Die Kooperation mit der polnischen Polizei bei der Kriminalitätsbekämpfung bezeichnete Woidke als gut. "Es gibt aber noch Reserven", so der Minister. Positiv vermerkte Woidke, dass die Zahl der Straftaten seit 2007, dem Jahr der Grenzöffnung zu Polen, insgesamt um 21,5 Prozent auf jetzt 22 400 Fälle gesunken ist.

Trotz der teilweise besorgniserregenden Entwicklung bei den Diebstählen und Einbrüchen in der Grenzregion sieht der Innenminister aber keinen Grund, die betroffenen Städte und Gemeinden von der Polizeireform auszunehmen. Er sicherte zu, dass trotz Personalabbau und Wachenschließungen die besondere Situation in der Grenzregion berücksichtigt werde.

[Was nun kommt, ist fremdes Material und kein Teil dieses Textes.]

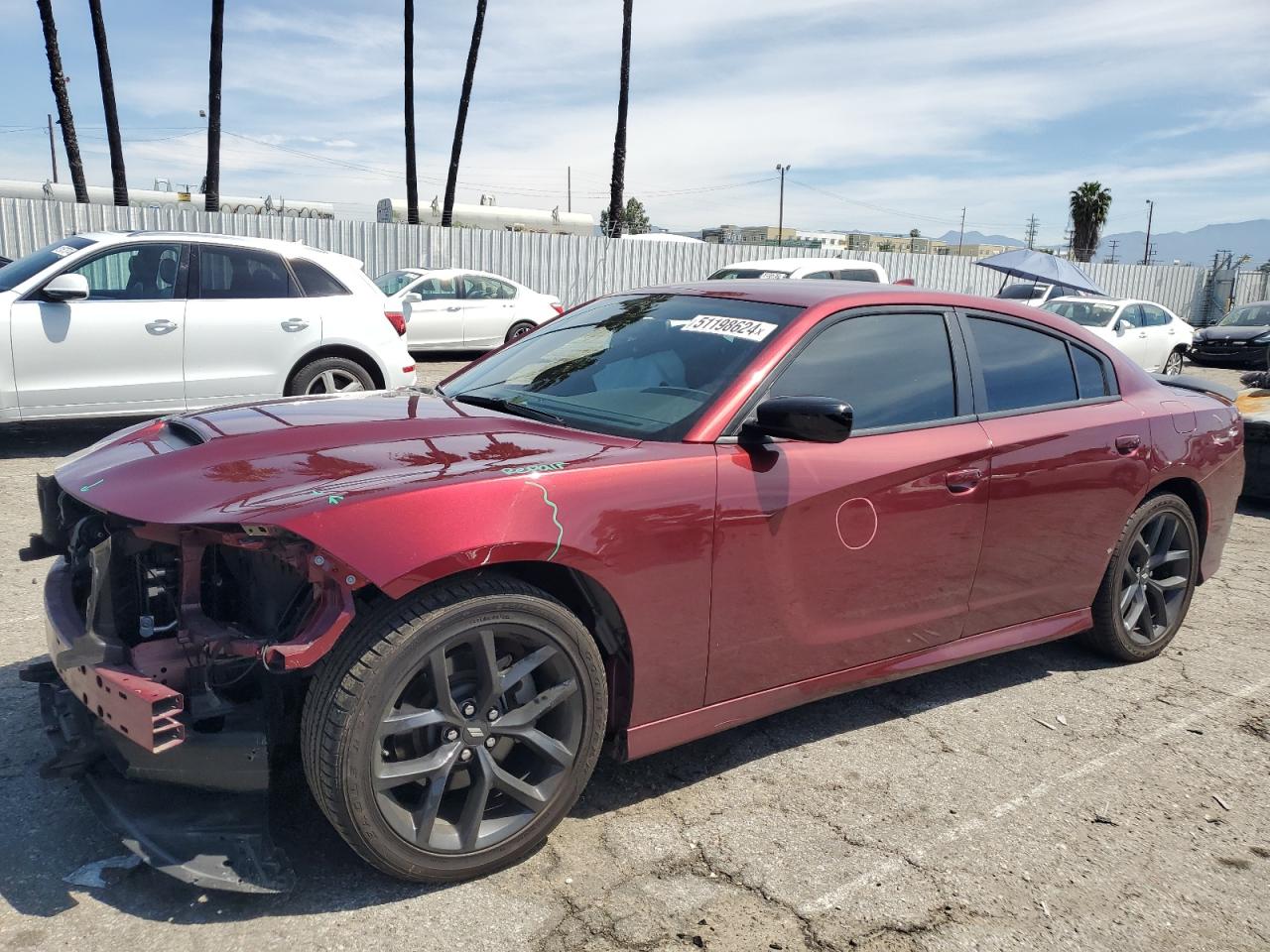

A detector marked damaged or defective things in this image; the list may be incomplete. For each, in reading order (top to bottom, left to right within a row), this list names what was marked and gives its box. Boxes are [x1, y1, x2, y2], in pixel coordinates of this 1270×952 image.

missing front bumper [30, 664, 292, 898]
damaged red car [20, 279, 1244, 893]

Der CDU-Innenexperte Sven Petke forderte am Mittwoch Ministerpräsident Mattias Platzeck (SPD) auf, die Polizeireform der rot-roten Regierung "umgehend zu stoppen". Mit dem geplanten Abbau jedes fünften Polizisten gerate die Polizei in die "Hinterhand". Petke warnt seit Jahren vor einem Anstieg der Kriminalität in der Grenzregion. "Die dramatische Situation zeigt, dass die Polizei mehr Unterstützung für ihre Arbeit benötigt", sagte er. Alle politischen Zusicherungen, die Grenzkriminalität sei beherrschbar, hätten sich als falsch herausgestellt.

Der Grünen-Fraktionschef im Landtag, Axel Vogel, verlangte angesichts der neuesten Zahlen, in den Grenzstädten müssten sämtliche Polizeiwachen erhalten bleiben. Dies wollte Woidke aber nicht versprechen. Er versicherte jedoch, es würden künftig ebenso viele Revierpolizisten in der Region unterwegs sein wie bisher.